Hacker News new | past | comments | ask | show | jobs | submit login
Reverse-Engineering Apple Dictionary (2020) (fmentzer.github.io)
278 points by goranmoomin on Sept 12, 2021 | hide | past | favorite | 59 comments



Another approach for this is to explore the format through Apple's tools for building dictionaries – as they provide a "Dictionary Development Kit" in Xcode's downloadable "Additional Tools" package (which has documentation for the XML format and a bunch of scripts/binaries for building the bundle).

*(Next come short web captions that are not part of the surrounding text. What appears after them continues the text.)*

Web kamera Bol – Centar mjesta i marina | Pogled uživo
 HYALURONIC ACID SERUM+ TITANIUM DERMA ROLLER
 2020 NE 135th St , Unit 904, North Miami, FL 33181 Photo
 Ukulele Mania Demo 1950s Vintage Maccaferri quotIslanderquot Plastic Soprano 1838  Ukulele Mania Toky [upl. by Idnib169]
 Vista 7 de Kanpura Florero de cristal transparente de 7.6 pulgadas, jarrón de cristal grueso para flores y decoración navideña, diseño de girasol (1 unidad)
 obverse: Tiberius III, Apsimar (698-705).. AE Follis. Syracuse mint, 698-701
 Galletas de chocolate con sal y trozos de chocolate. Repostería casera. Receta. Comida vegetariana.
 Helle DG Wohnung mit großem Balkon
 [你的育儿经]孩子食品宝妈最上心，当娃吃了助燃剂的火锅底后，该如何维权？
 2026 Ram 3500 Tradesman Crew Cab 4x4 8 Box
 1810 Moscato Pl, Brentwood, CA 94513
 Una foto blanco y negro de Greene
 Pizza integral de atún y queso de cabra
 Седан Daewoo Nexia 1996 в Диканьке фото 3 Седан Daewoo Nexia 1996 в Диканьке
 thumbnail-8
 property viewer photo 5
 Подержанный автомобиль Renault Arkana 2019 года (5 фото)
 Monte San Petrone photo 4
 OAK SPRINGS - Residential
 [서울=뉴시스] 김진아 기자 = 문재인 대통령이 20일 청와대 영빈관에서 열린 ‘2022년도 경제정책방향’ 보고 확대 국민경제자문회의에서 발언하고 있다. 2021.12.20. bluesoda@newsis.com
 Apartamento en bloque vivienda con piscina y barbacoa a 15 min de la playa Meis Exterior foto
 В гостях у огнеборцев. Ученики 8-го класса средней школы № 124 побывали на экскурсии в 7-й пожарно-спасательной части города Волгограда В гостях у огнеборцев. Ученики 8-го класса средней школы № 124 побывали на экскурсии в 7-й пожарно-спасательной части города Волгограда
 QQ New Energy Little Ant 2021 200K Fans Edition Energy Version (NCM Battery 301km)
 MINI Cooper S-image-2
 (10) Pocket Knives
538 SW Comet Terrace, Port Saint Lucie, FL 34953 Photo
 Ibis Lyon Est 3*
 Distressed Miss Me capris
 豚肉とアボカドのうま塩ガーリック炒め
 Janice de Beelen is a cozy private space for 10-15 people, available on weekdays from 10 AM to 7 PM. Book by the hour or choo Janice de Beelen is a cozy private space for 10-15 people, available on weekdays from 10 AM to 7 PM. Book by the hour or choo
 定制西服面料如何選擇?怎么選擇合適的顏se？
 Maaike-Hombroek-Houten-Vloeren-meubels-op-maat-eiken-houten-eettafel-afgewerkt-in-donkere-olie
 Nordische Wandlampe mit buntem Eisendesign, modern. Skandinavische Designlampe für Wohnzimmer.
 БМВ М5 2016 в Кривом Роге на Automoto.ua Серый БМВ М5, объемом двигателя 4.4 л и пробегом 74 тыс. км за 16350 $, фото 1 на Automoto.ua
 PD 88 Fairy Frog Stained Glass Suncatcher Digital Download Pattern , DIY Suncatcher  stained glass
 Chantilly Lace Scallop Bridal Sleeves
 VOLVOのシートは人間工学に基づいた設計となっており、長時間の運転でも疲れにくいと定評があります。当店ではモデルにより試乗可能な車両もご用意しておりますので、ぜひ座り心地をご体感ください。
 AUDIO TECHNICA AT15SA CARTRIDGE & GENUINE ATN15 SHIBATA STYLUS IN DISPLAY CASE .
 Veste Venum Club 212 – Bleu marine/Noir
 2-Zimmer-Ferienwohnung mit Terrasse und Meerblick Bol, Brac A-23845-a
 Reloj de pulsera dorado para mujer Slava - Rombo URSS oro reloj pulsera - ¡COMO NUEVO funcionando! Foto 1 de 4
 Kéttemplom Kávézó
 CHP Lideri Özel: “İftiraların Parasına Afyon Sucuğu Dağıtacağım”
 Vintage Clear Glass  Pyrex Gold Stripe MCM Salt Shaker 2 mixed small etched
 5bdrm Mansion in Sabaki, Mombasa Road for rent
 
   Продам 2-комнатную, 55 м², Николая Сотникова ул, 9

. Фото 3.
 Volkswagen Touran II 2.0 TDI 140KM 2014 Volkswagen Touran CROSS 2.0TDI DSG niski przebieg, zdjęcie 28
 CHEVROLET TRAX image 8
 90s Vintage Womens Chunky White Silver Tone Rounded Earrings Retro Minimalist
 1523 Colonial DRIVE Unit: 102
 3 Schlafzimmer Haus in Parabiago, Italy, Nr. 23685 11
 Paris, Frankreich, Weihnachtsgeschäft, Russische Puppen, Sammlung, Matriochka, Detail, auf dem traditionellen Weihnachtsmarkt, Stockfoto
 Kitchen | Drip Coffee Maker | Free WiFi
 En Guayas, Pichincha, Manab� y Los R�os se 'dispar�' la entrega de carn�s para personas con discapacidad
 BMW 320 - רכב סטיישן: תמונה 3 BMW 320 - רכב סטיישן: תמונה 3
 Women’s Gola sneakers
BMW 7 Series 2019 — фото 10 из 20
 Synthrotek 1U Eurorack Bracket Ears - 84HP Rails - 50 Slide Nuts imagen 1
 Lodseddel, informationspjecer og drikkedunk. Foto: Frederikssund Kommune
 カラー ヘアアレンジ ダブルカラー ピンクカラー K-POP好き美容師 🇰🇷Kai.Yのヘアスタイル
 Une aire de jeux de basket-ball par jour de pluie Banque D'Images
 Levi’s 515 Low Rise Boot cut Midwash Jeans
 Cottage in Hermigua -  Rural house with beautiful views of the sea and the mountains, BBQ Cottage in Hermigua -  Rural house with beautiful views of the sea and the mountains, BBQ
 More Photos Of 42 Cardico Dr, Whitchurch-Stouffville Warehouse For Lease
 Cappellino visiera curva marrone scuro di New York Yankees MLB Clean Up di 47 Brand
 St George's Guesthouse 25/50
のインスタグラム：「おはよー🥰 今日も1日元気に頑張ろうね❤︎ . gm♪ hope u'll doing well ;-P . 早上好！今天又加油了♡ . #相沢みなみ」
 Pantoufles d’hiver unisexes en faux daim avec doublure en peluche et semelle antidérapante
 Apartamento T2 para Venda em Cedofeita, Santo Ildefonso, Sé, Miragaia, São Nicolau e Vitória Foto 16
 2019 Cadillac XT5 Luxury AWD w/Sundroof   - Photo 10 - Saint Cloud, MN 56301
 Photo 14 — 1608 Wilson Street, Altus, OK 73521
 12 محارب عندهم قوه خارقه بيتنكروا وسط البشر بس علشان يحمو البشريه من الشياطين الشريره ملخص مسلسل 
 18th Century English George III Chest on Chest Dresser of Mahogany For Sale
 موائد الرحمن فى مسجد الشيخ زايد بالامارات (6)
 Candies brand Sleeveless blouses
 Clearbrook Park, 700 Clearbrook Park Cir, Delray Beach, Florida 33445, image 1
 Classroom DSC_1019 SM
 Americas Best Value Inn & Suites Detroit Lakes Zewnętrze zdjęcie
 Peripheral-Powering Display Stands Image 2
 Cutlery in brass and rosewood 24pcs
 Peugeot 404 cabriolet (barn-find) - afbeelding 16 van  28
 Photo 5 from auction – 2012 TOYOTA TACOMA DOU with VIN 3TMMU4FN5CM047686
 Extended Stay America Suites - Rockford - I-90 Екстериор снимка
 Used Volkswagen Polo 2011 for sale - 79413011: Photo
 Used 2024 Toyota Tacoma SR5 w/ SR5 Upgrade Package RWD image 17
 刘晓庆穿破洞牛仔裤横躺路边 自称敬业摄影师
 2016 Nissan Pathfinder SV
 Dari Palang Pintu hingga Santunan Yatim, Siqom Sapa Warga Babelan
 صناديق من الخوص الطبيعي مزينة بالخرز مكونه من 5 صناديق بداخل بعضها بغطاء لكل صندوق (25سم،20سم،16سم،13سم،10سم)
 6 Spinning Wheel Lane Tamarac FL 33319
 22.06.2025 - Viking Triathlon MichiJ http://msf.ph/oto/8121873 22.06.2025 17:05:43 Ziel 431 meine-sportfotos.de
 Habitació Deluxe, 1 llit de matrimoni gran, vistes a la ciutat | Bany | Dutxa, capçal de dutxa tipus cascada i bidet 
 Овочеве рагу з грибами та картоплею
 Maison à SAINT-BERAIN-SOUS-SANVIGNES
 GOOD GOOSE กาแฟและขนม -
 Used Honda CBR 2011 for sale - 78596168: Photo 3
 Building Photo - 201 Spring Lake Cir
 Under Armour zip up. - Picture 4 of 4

I wound up doing this a while ago for a similar toy project. After some poking around, it turned out that dictionary bundles are entirely supported by system APIs in CoreServices! The APIs are private, but Apple accidentally shipped a header file with documentation for them in the 10.7 SDK [1]. You can load a dictionary with `IDXCreateIndexObject()`, read through its indices with the search methods (and the convenient `kIDXSearchAllMatch`), and get pointers to its entry data with `IDXGetFieldDataPtrs()`.

It takes a bit of fiddling to figure out the structure (there are multiple indices for headwords, search keywords, cross-references, etc., and the API is a general-purpose trie library) and request the right fields, but those property lists in the bundle are there to help! (As the author of this article discovered, the entries are compressed and are proceeded with a 4-byte length marker.)

[1] https://github.com/phracker/MacOSX-SDKs/blob/master/MacOSX10...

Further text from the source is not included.